Sensu plugins for DCOS
The following example checks that the count of running processes is between 150 and 300
check-dcos-metrics.rb -u 'http://127.0.0.1:61001/system/v1/metrics/v0/node' -m 'process.count' -w 150 -c 100 -W 300 -C 350
In some cases the metric name is not unique but you can filter metrics by tags using the --filter
option followed by TAG_NAME:TAG_VALUE
You can also check deltas, if you pass the -d
option the plugin will keep the previous value in a daybreak db and compare the new value against it.
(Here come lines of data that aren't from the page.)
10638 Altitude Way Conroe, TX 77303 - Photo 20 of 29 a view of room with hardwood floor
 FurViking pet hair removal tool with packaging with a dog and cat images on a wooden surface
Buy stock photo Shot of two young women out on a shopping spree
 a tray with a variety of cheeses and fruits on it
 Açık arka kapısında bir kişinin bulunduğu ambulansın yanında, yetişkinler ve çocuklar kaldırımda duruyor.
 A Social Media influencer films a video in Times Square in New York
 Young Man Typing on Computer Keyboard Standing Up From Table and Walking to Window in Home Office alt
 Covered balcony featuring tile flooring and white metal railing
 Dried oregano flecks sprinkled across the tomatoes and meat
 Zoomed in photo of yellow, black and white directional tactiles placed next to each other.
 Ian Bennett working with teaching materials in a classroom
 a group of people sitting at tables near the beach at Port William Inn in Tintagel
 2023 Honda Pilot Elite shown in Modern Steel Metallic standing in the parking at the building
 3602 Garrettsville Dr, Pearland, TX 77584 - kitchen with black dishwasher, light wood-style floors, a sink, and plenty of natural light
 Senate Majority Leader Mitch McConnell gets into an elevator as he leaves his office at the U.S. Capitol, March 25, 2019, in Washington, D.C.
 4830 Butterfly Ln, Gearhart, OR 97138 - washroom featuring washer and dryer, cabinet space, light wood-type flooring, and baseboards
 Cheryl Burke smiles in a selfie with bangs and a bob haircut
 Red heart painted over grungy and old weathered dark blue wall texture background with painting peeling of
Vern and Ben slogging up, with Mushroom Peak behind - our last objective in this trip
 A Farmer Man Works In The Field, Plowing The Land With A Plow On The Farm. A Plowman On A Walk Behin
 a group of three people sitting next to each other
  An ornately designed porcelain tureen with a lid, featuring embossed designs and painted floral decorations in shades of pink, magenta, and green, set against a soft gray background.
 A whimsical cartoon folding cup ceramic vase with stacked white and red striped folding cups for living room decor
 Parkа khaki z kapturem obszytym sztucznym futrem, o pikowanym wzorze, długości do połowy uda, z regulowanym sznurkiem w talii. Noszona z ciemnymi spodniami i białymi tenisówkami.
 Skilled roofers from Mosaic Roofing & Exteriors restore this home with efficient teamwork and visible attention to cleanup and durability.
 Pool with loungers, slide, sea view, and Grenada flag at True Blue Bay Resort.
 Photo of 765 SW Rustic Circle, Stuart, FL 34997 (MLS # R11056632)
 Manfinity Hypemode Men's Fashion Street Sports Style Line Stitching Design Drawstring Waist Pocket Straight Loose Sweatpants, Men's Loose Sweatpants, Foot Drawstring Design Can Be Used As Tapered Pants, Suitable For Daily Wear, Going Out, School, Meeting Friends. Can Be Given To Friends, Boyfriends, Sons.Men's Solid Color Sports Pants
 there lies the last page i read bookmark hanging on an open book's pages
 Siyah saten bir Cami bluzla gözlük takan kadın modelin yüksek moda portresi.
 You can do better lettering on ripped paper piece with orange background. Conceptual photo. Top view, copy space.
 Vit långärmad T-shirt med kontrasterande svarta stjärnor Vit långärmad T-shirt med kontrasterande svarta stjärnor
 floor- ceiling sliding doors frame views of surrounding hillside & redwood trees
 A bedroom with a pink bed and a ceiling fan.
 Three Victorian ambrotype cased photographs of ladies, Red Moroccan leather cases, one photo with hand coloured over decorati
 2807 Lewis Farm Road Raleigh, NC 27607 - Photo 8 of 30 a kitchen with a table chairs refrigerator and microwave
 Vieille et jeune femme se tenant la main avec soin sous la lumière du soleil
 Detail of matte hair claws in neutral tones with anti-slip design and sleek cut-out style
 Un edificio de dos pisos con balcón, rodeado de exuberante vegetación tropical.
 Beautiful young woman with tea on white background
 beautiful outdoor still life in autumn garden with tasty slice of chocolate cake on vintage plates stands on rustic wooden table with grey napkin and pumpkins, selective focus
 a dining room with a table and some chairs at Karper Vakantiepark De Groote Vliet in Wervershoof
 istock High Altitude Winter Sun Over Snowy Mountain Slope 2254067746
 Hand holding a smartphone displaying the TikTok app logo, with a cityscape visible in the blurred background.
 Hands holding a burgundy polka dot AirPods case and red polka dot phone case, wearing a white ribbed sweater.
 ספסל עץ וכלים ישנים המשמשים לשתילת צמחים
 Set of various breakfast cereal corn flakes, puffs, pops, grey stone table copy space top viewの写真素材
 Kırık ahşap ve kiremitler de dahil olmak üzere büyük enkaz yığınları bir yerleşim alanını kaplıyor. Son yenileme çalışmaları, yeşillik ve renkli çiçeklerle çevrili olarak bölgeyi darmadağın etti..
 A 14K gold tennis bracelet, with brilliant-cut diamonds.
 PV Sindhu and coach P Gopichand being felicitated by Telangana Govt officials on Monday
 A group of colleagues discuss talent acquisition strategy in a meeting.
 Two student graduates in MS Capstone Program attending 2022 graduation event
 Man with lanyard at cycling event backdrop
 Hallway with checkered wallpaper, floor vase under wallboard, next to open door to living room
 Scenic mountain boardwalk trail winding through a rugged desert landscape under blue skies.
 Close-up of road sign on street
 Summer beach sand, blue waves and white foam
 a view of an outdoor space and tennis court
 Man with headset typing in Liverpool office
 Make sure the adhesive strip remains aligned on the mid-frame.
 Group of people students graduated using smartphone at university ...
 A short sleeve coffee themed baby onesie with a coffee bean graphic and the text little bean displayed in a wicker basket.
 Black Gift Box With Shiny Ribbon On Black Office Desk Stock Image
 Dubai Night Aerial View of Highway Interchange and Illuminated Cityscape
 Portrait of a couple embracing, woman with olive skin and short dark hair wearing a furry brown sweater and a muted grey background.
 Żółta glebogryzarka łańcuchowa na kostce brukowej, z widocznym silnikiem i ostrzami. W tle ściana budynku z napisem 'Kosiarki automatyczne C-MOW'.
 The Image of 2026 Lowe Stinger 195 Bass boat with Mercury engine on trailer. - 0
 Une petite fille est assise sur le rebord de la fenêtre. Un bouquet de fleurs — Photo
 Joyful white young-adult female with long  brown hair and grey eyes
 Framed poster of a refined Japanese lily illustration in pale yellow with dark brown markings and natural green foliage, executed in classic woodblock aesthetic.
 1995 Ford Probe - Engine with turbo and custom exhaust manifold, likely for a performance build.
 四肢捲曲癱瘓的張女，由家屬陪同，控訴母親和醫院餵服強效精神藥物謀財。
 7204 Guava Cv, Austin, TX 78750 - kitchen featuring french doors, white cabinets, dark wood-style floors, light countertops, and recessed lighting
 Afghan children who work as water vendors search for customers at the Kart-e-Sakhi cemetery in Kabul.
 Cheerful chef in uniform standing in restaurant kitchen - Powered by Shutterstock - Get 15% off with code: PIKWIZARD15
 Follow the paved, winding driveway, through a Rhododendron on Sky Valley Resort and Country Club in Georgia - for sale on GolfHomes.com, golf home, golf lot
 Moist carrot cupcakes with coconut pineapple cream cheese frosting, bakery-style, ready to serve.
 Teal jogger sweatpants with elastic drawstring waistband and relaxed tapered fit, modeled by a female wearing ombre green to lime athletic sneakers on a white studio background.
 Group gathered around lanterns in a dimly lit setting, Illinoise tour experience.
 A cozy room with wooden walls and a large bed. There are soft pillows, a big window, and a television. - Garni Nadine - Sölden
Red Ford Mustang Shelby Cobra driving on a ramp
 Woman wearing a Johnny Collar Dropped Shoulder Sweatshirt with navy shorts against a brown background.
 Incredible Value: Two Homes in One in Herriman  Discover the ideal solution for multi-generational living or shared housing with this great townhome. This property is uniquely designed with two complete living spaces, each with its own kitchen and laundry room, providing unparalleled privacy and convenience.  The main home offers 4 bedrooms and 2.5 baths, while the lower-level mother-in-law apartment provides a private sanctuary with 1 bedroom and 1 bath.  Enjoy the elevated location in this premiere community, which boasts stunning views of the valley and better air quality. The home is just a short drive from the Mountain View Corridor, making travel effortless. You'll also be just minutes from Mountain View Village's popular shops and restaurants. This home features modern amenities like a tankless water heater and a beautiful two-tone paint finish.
check-dcos-metrics.rb -m 'network.in.errors' -d -f interface:docker0 -C 2 -W 1
Run check-dcos-me.rb -h
for all the options.
This is an example how to use this plugin to ship metrics to InfluxDB using the sensu-extensions-influxdb extension:
{
"checks": {
"dcos-host-metrics": {
"type": "metric",
"command": "/opt/sensu/embedded/bin/metrics-dcos-host.rb",
"influxdb": {
"templates": {
"dcos\\..*\\.filesystem\\.": "source.type.measurement.field2.nil.nil.path*",
"dcos\\..*\\.network\\.": "source.type.measurement.field2.nil.nil.interface*",
"dcos\\.": "source.type.measurement.field*"
},
"tags": {
"group": "node"
}
}
}
}
metrics-dcos-containers.rb can be used in the same way to ship container metrics (from frameworks not apps) specify a comma seperated list of the dimensions you require in the oupput to the —dimensions flag. example metrics-dcos-containers.rb —dimensions ‘framework_name,excutor_id’
The check-dcos-ping.rb
will return OK
if the host reports itself as heathy or CRITICAL
otherwize
check-dcos-ping.rb -h 'http://127.0.0.1:61001/system/v1/metrics/v0/ping'
The check-dcos-jobs-health.rb
will return OK
if the job is successfully executed for the last 15 minutes or CRITICAL
if the tasks return FAILED or KILLED or the job is stuck take longer than (15 minutes - threshold )
check-dcos-jobs-health.rb -u 'http://leader.mesos:5050/tasks' -p jobname -w 1000 -t 200
bundle install
bundle exec rake
bundle exec rake build
You’ll find the gem in the /pkg/
folder